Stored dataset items

*** Begin section ***

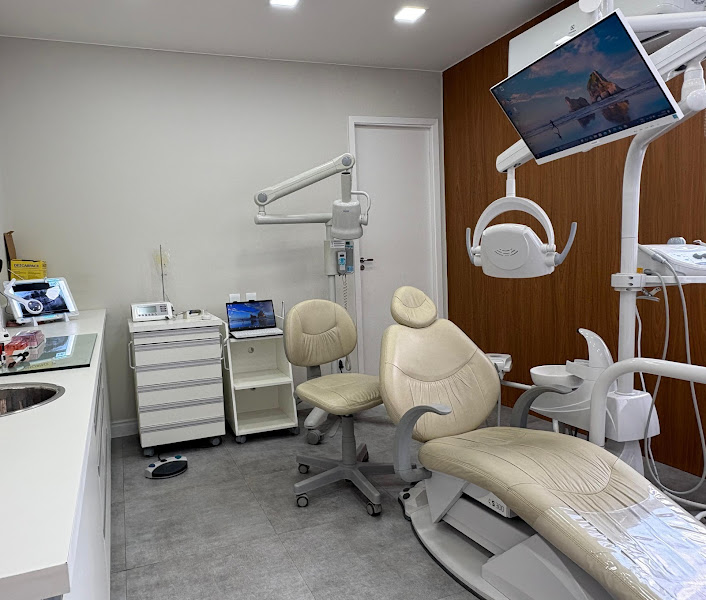 Foto 2 de Poschinger Faria Odontologia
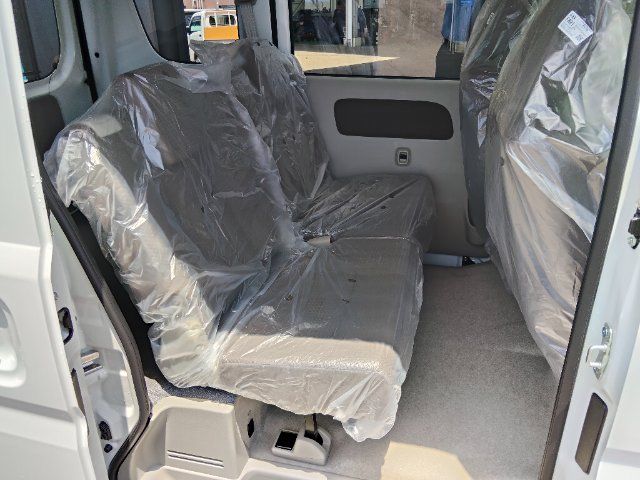 2026 Nissan NV100CLIPPER RIO 照片 9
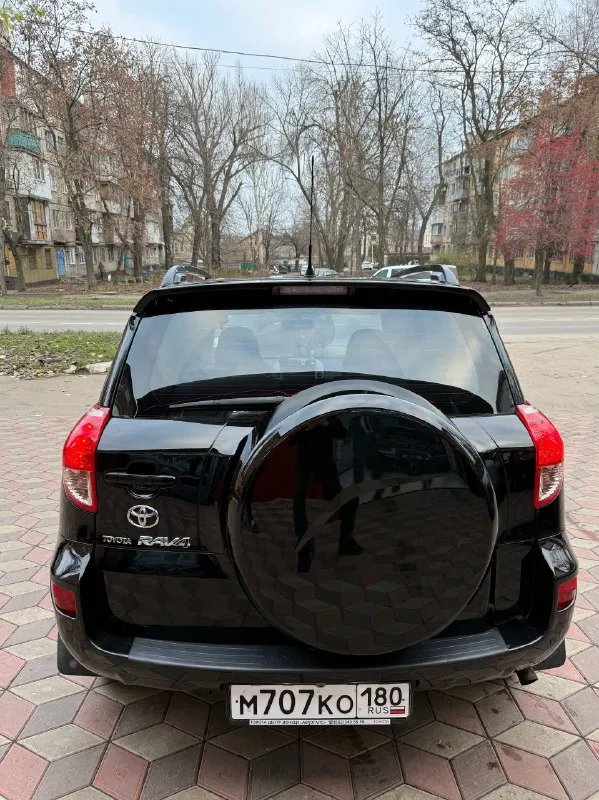 В продаже toyota rav4 2009г. автомат 2л. , бензин полный привод пробег 100 000 км 1 владелец, все ключи автомобиль был приобретен у официального дилера toyota на панфилова в донецке. двухзонный климат-контроль, подогрев сидений, круиз-контроль. установлен дорогой монитор android с навигацией, установлена сигнализация starline с автозапуском, управляется с телефона через приложение. установлены недавно новые линзы ближний/дальний в фары - еще на гарантии 1 год. автомобиль полностью в родном окрасе. дно и пороги в идеальном состоянии, ни одного рыжика. машина ездила только по донецку - крыму - ростову. третий авто в семье, ездила жена. кому нужен полностью обслуженный автомобиль без вложений — звоните. макеевка/донецк цена 1 450 000 руб +79493045454 - фотография - 5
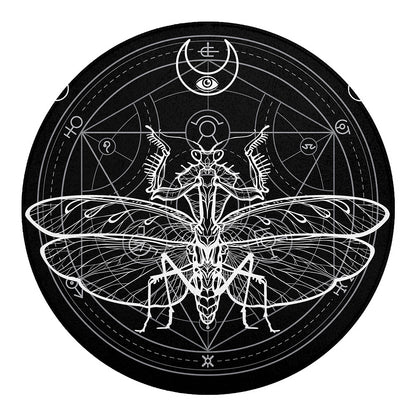 Black And White Mantis Spirit Print Round Blanket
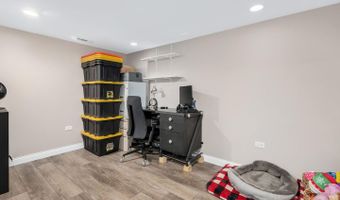 690 W Willow Gln, Addison, IL 60101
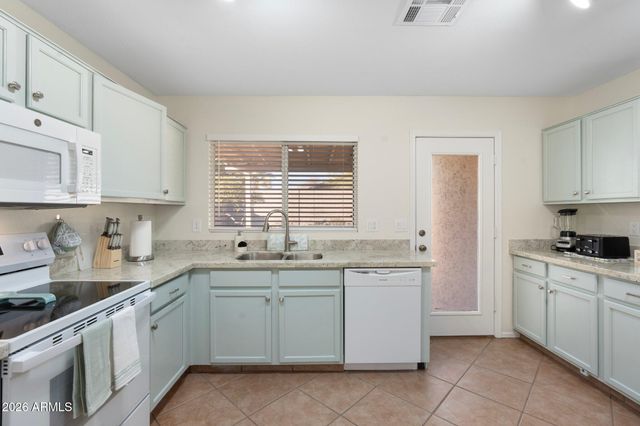 8640 E CAROL Avenue, Mesa, AZ 85208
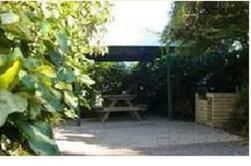 Imagen de los exteriores del Hotel Whitecaps Holiday Apartments. Foto 11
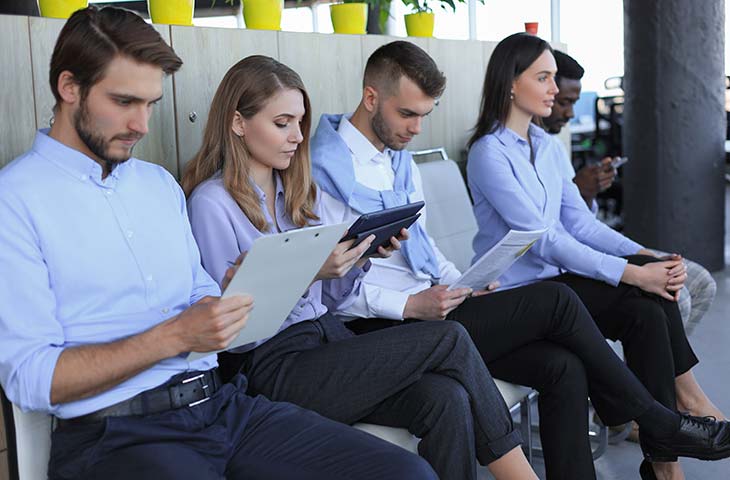 Gente negocios esperando entrevista trabajo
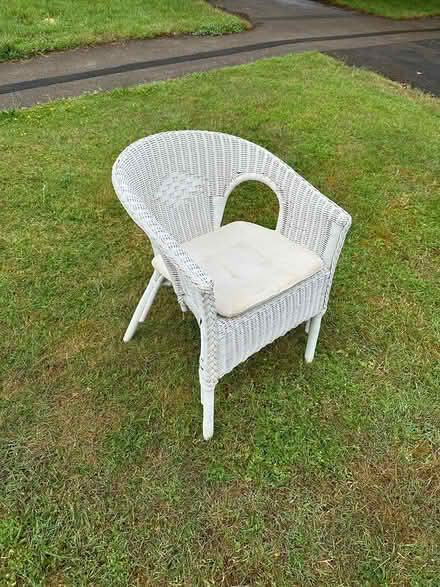 Photo of free White Wicket Chair (Empingham Le15) #1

*** End section ***

» **Instructions for the task**
Output the data exactly, pictures omitted.

» **The completed task**
 Foto 2 de Poschinger Faria Odontologia
 2026 Nissan NV100CLIPPER RIO 照片 9
 В продаже toyota rav4 2009г. автомат 2л. , бензин полный привод пробег 100 000 км 1 владелец, все ключи автомобиль был приобретен у официального дилера toyota на панфилова в донецке. двухзонный климат-контроль, подогрев сидений, круиз-контроль. установлен дорогой монитор android с навигацией, установлена сигнализация starline с автозапуском, управляется с телефона через приложение. установлены недавно новые линзы ближний/дальний в фары - еще на гарантии 1 год. автомобиль полностью в родном окрасе. дно и пороги в идеальном состоянии, ни одного рыжика. машина ездила только по донецку - крыму - ростову. третий авто в семье, ездила жена. кому нужен полностью обслуженный автомобиль без вложений — звоните. макеевка/донецк цена 1 450 000 руб +79493045454 - фотография - 5
 Black And White Mantis Spirit Print Round Blanket
 690 W Willow Gln, Addison, IL 60101
 8640 E CAROL Avenue, Mesa, AZ 85208
 Imagen de los exteriores del Hotel Whitecaps Holiday Apartments. Foto 11
 Gente negocios esperando entrevista trabajo
 Photo of free White Wicket Chair (Empingham Le15) #1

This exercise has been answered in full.